Someone wrote to me and asked me if I had written this on Anthony’s blog. A was astonished and had to answer “no.”
If that’s your authentic name, congratulations. If it isn’t, please pick another pseudonym. Thanks!
Brian G Valentine
Arlington, Virginia
US DOE & OAEE UMCP
Willis,
Keep up the good work.
Looks like you need to use smaller words and more verbosity to keep highly focused, but blinkered, folk on the reservation.
I view that your statements and meaning are clear.
……”for over speed, the governor applies a feedback negative, i.e. to slow down, the system,
……for under speed the governor applies a feedback positive, i.e. to speed up, the system”
“feedback positive to the speed” vs “positive feedback” in clear context?
On tropic climate, there is “a feedback that is negative to change”:
….when the temperature is higher than the set point, clouds form
….when the temperature is lower than the set point, few clouds form.
-> one is ” negative” to the temperature, and one is “positive” to the temperature.
Ignoring “negative to change” feedback in the “pursuit of money” is…..
Willis
Think you have missed the obvious. The control system (governor) didn’t changed, the feedback did. The hill is a negative feedback when the car is going up the hill (fighting gravity). The engine must overcome friction, wind resistance and gravity. But it becomes a positive feedback when the car tops the hill and starts down the other side (assisted by gravity).
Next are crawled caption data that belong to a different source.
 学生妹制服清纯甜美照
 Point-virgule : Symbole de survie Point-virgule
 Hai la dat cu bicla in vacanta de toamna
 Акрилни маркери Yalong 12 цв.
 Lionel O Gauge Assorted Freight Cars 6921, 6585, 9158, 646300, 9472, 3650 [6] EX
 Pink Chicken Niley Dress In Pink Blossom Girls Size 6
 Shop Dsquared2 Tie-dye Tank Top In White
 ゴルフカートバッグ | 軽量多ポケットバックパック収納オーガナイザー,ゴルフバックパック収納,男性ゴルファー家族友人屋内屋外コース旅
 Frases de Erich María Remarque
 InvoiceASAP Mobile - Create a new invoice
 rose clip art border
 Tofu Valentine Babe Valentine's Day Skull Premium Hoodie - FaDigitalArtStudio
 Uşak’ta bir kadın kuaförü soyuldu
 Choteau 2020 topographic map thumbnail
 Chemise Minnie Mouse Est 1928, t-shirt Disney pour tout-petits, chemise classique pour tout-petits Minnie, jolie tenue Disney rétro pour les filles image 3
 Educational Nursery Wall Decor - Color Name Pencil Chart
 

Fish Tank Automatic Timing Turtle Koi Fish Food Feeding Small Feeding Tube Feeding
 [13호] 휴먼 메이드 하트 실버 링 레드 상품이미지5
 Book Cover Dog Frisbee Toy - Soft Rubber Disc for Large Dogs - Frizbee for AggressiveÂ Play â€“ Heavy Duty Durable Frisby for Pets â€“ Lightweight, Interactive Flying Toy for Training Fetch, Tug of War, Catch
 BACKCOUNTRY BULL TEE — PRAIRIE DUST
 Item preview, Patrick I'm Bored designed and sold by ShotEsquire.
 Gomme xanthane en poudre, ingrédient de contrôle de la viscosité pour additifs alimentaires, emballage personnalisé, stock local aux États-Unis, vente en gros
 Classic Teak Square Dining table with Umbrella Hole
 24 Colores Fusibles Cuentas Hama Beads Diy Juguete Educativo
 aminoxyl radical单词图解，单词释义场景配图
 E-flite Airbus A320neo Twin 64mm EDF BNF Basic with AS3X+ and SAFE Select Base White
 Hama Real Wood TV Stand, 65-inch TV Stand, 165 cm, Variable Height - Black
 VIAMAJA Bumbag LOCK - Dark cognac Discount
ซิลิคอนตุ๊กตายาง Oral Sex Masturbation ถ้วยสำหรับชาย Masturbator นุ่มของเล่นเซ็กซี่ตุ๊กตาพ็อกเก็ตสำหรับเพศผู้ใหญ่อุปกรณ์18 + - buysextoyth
The engine + gravity must now over come only friction and wind resistance.
Look at your analysis again and see if that makes a difference.
Basic process control uses PID (Proportional, Intergral and Derivative), or some variation (P+I, P+D {rare} or P+I+D). More advanced algorithyms are used to address more extreme systems, such as highly exothermic processes. The typical cruise control on cars is P+I.
Systems dominated by positive feedbacks will eventually saturate at one extreme or the other. Systems dominated by negatived feedbacks will fluctuate within an envelope of acceptable conditions but rarely stay in a saturated state. Think about a bowl and a ball. If the bowl is upside down with the ball on top, once the ball goes over the edge, it will roll or fall to the table. If the bowl is right side up, the ball will roll around inside the bowl but will always eventually come back to the bottom. The ball will only leave the stable condition if acted upon an unusual outside forcing, such as a gamma ray burst that adds a great deal of energy to our contained climate system in a relatively short period of time.
Earth’s climate exhibits all the character traits of a system dominated by NEGATIVE feedbacks. The AGW crowd assume it is dominated by positive feedbacks. Although we have seen “Snowball Earth” twice in our geologic history, Earth’s climate has never displayed runaway warming even when CO2 concentrations reached 7,000 ppm. If it didn’t do it then, it sure as hell won’t do it at 400, 500 or even 1,000 ppm now.
AGW is about “Control” and “Fear”, not about science!
Love your posts.
Bill
Sorry I am with the “It’s all negative feedback” and Engineers. You start using the term positive feedback and as they said you are describing a system that will go into runaway either to destruction or some other stable state. That is a system that has a tipping point that the climate catastrophe true believers will tell you about. A cruise control on a car should ideally contain no tipping unless it’s a jeep that has been hacked.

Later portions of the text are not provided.